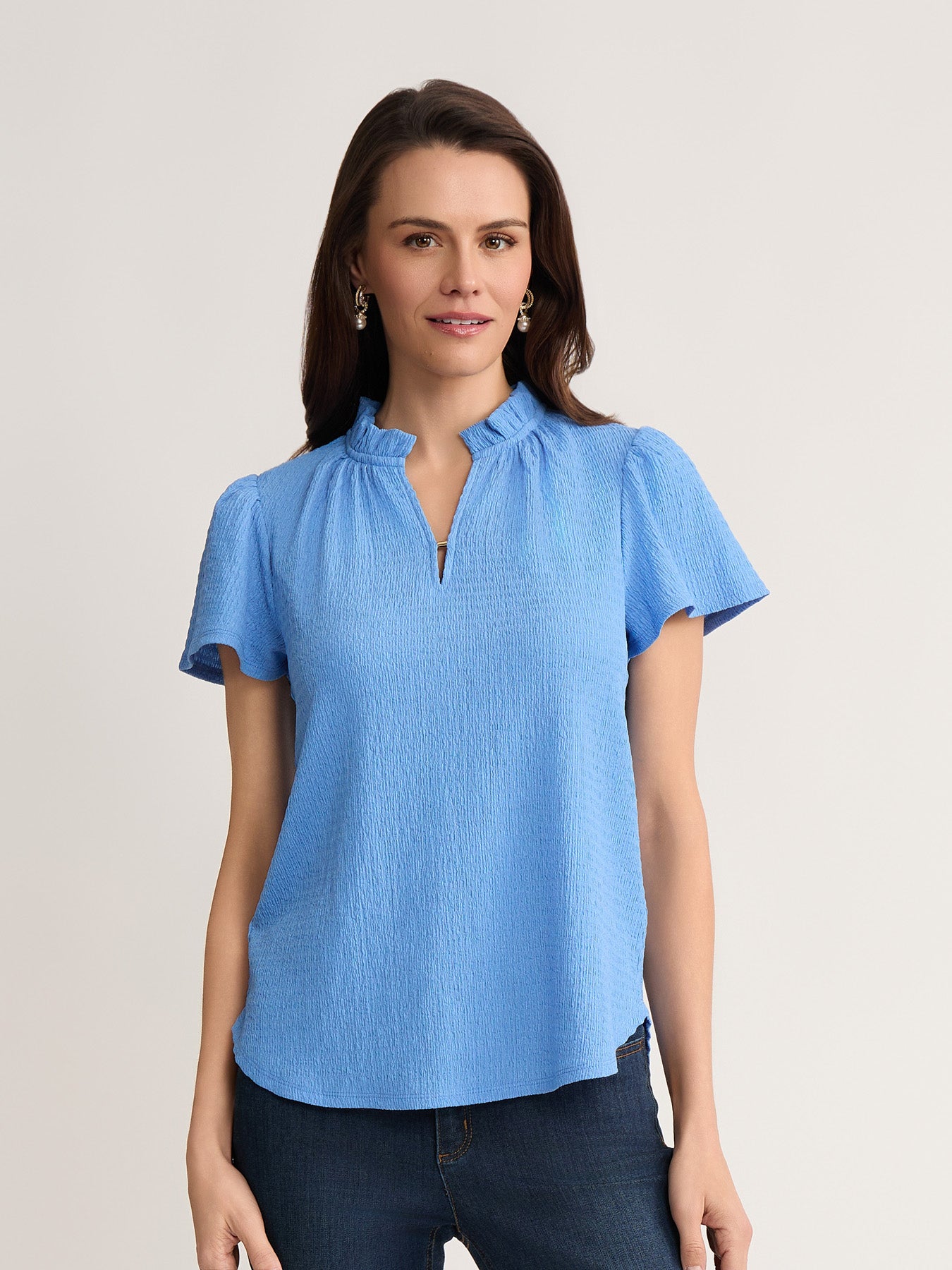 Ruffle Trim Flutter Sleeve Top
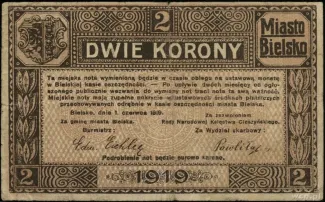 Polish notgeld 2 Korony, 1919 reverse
* * *
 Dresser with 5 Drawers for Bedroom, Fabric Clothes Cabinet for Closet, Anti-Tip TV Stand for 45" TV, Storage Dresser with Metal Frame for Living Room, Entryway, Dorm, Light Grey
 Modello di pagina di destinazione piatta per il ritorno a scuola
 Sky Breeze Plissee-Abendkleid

* [ABOUT THIS TASK]:
Print exactly the lines above that run from the one with "Ruffle Trim Flutter Sleeve Top" down to the one with "Polish notgeld 2 Korony, 1919 reverse", and omit the pictures.

* [REPLY TO THE TASK]:
 Ruffle Trim Flutter Sleeve Top
 Polish notgeld 2 Korony, 1919 reverse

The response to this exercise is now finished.